Site Characterization, Seismic Hazard in Kashmir Himalaya to Northeast India: 1D/2D/3D Modeling, Microzonation and Damage Studies

Indian subcontinent, marked by its intricate seismotectonic settings stands out as the most active region in the globe. This study conducts a firm rock-compliant probabilistic seismic hazard assessment considering both tectonic and polygonal sources in 0 km- 25 km, 25 km-70 km, 70 km-180 km and 180 km-300 km depth ranges, next generation attenuation models through a logic tree framework across the tectonic ensemble from Kashmir Himalaya to Northeast India encompassing six seismogenic tectonic provinces classifying the ensemble in the 'moderate' to 'severe' hazard regime, highlighting the need for a site-specific surface-consistent investigation that shear-wave velocity characterizes the Ensemble into site classes and estimates surface-consistent probabilistic seismic hazard of the ensemble in the range of 0.10 g -2.32 g for 475 years of return period using a systematic 1D/2D/3D site response analysis. Liquefaction potential and landslide susceptibility index adds secondary hazard to both geohazard and seismic hazard regime for a comprehensive seismic hazard microzonation of the important cities and urban centers in the tectonic ensemble.
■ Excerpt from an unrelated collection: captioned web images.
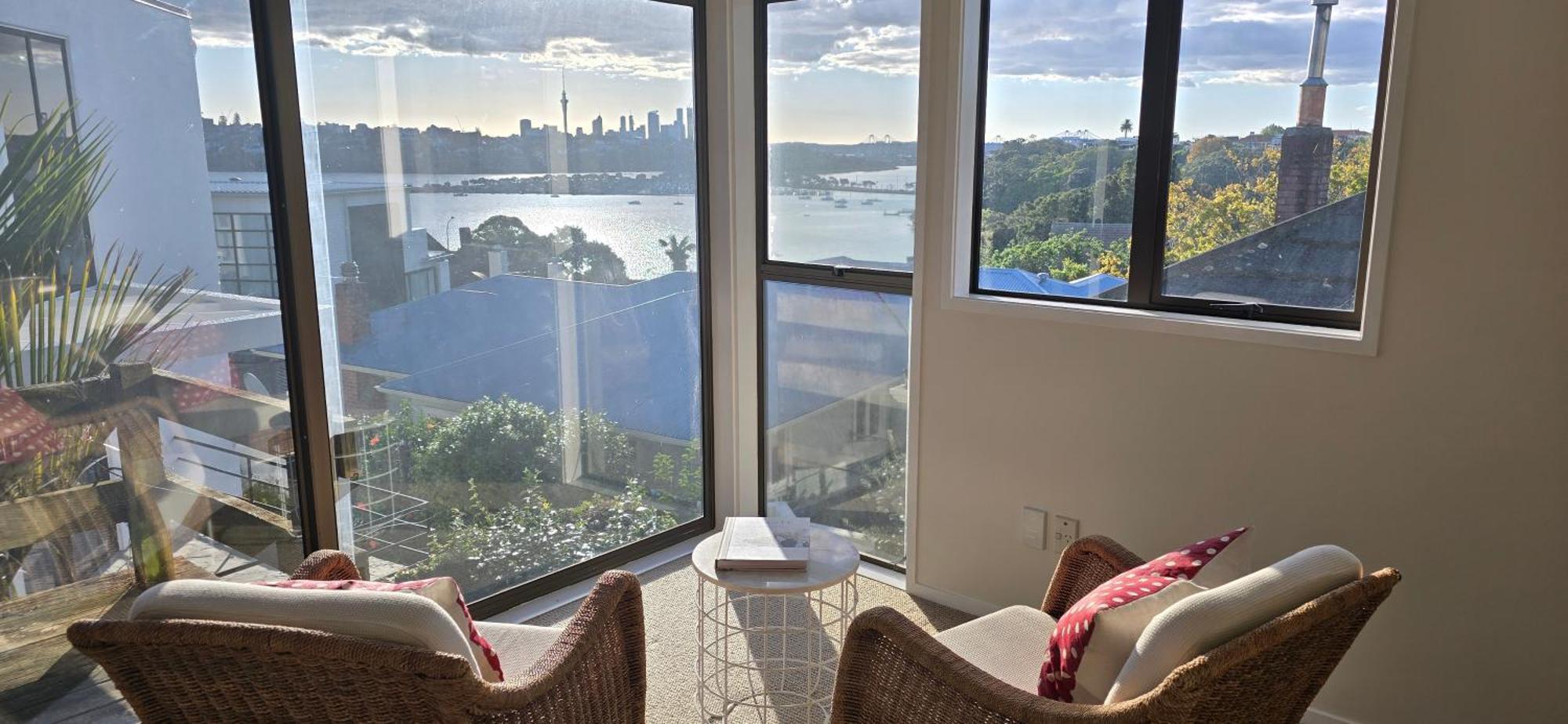 2 Bedroom Home, City And Sea Views Оукланд Екстериор снимка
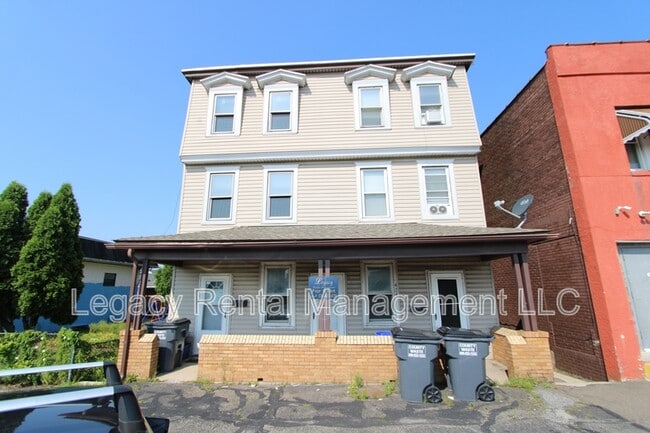 property at 426 1/2 S Poplar St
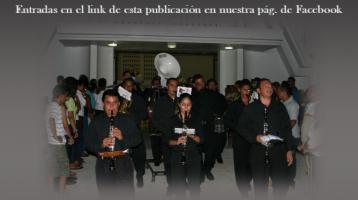 músicos tocando saliendo de una iglesia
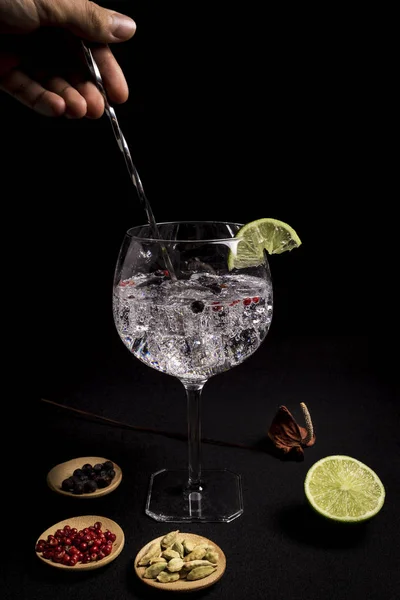 Barman Voorbereiding Van Een Cocktail Van Smakelijke Verse Gin Tonic — Stockfoto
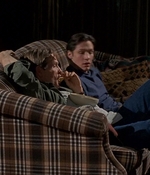 ROSWELL_-_S2X10_A_ROSWELL_CHRITMAS_CAROL_300.jpg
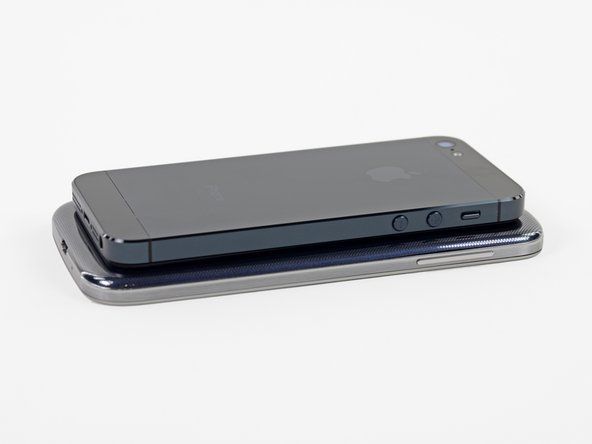 Az S4 5 hüvelykes full HD Super AMOLED kijelzővel rendelkezik, szemben az iPhone 5-tel' alt=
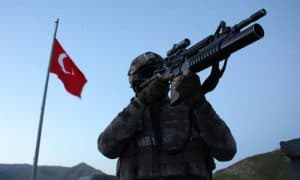 مقتل وإصابة طفلين وامرأة سوريين برصاص حرس الحدود التركي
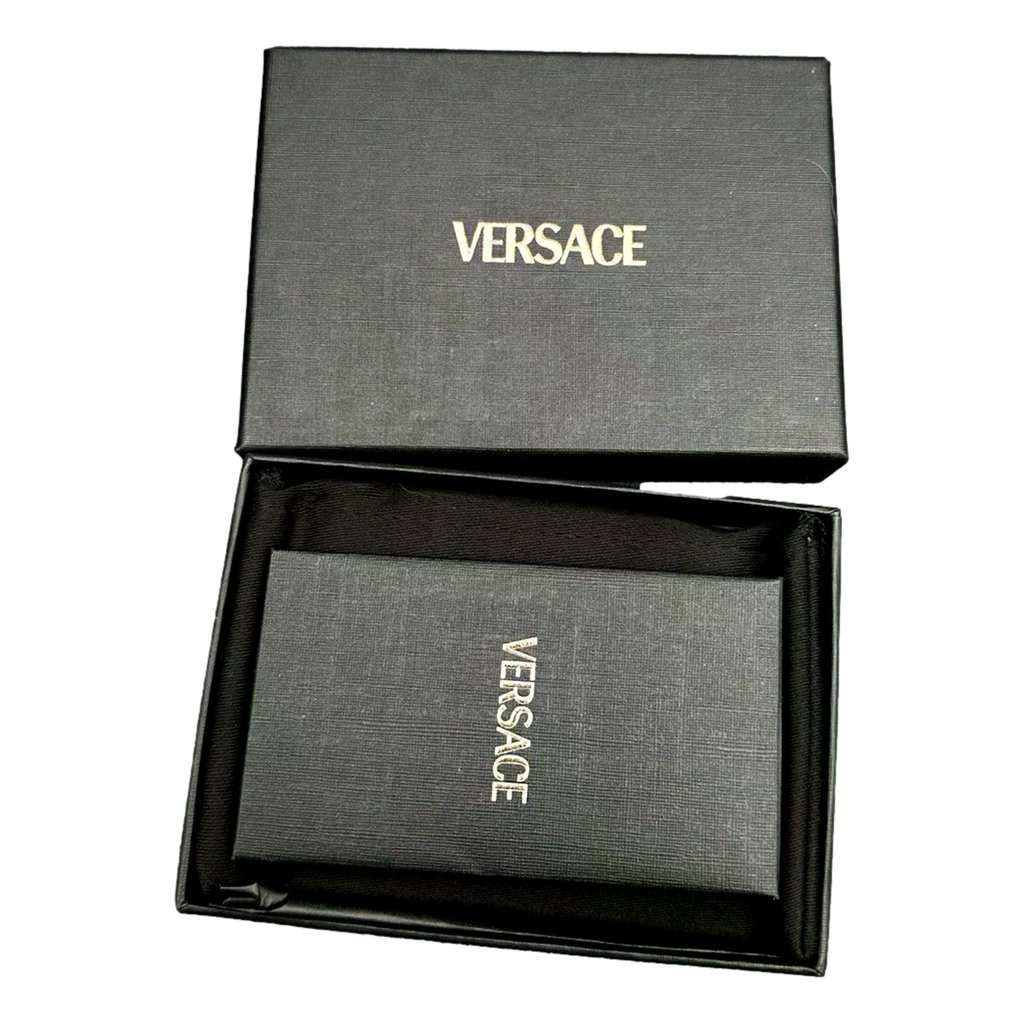 Versace Versace La Medusa Crocodile Embossed Leather Cardholder Wallet in Black Black Leather Never worn - Model View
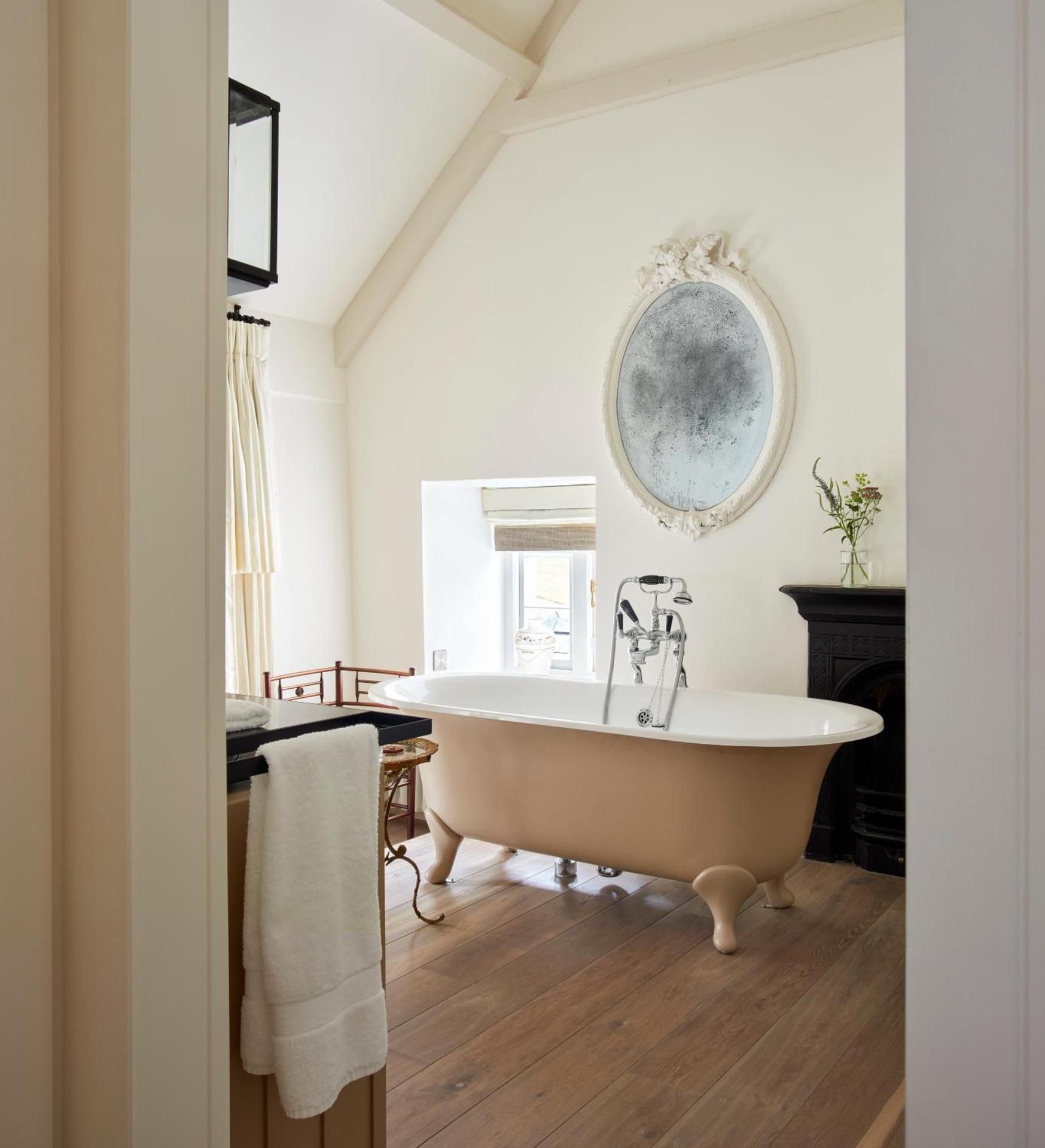 Honeymoon Suite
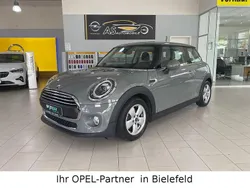 Moonwalk grey (metallic) Gebraucht 2018 Mini ONE Kleinwagen | 15.990 € (Fairer Preis)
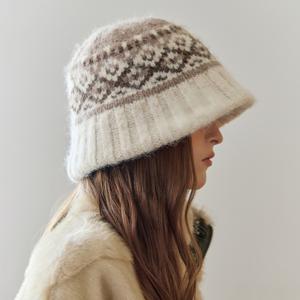 노르딕 패턴 니트 버킷햇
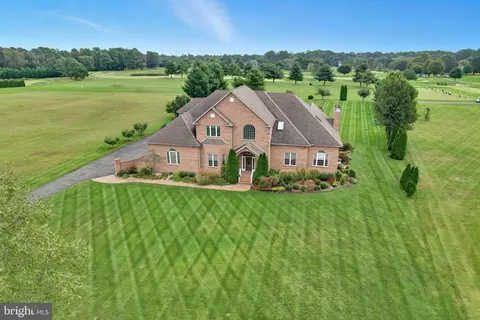 328 Raven Cir, Camden Wyoming, DE 19934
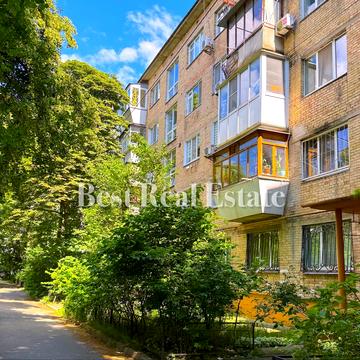 Остапа Вишні вул., 7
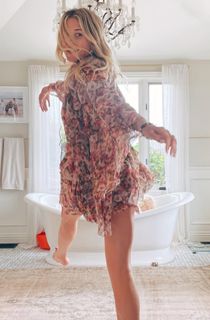 Sarah Wright feet photo thumbnail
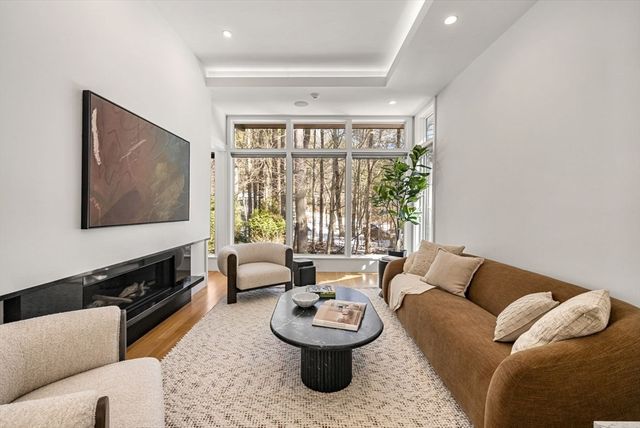 11 Winthrop Circle, Weston, MA 02493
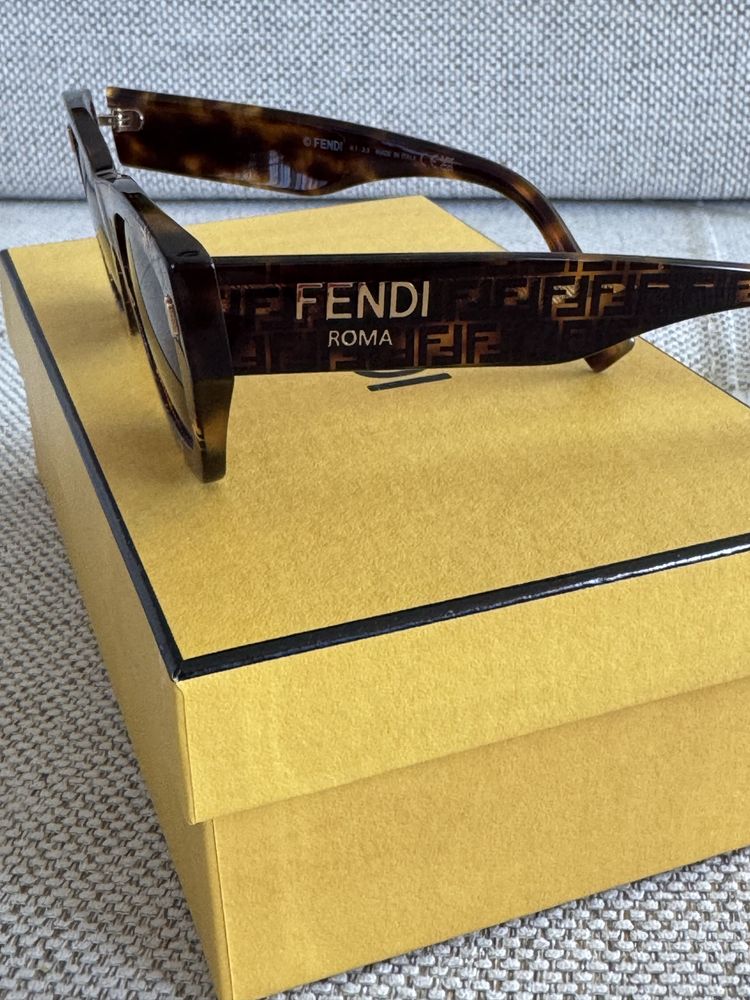Слънчеви очила Fendi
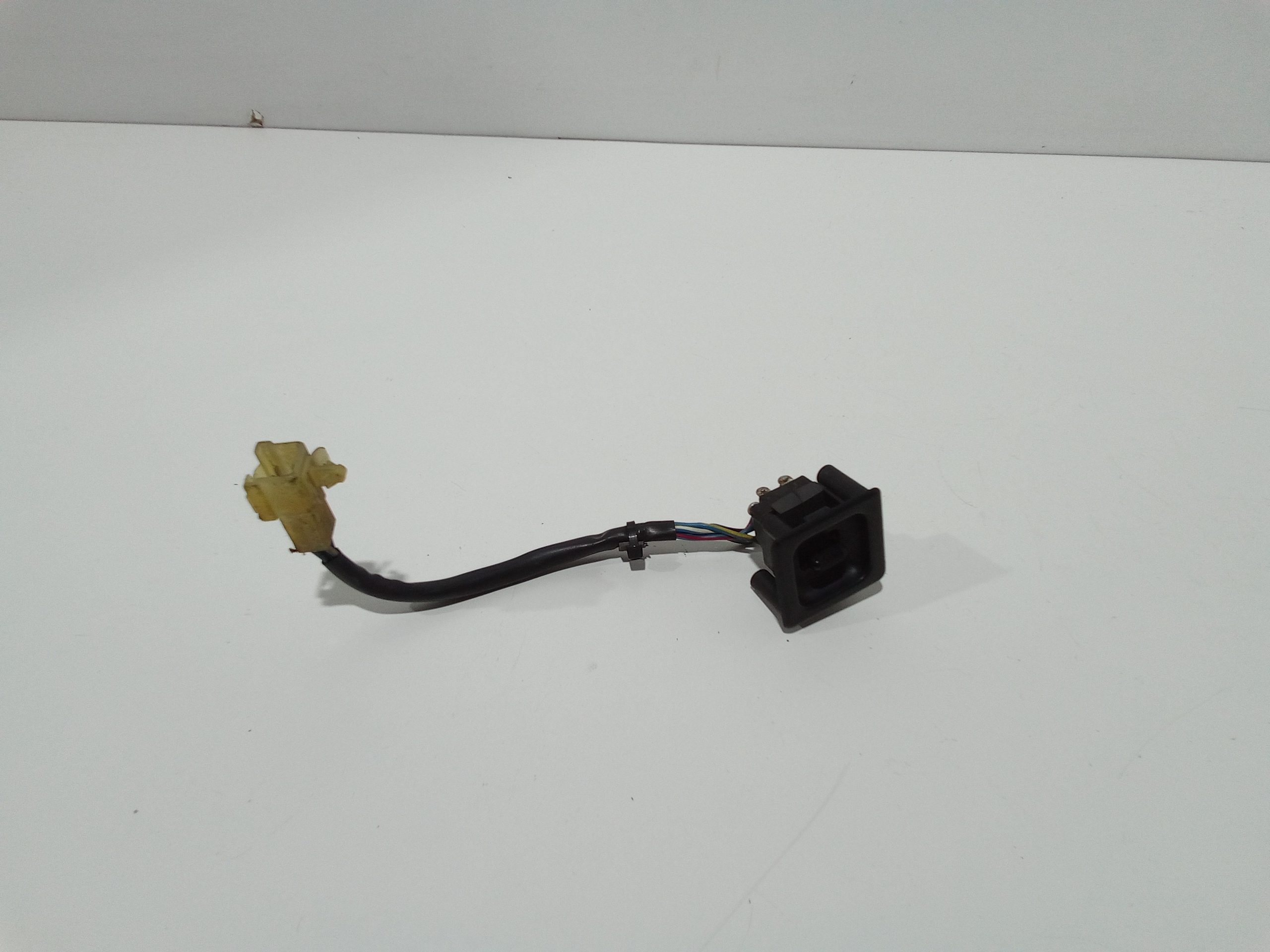 Interruttore Alzacristalli Porta Ant. Destro Usato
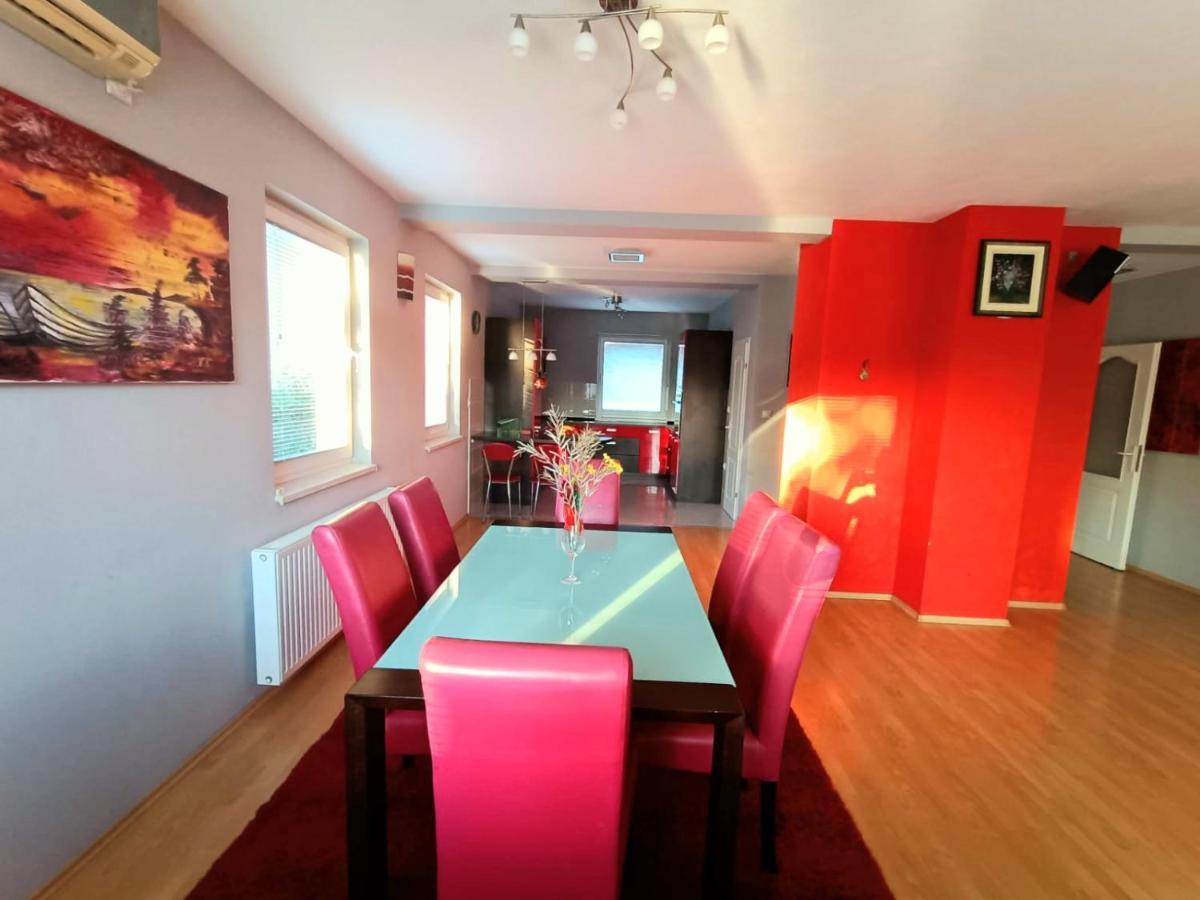 Villa 2 Etagen Mit Grossen Garten Modrica Bagian luar foto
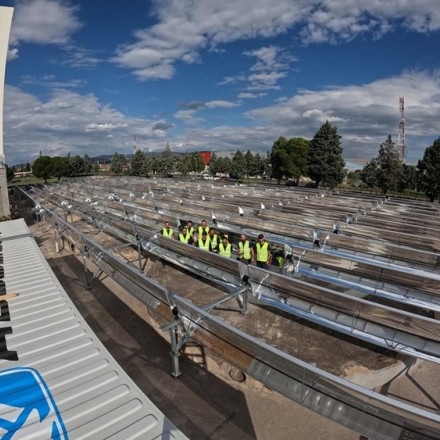 Ολυμπιακή Ζυθοποιία: Πιλοτικό πρόγραμμα παραγωγής μπύρας με την αξιοποίηση της ηλιακής ενέργειας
The damage states modelled using capacity spectrum method on prevailing building types for the surface-consistent Probabilistic Peak Ground Acceleration (PGA) by Seismic Loss Estimation using a Logic Tree Approach (SELENA) are found to be aligned with the reported damage scenarios of most prevalent reinforced concrete buildings triggered by large historical earthquakes in each of the tectonic provinces of the Ensemble.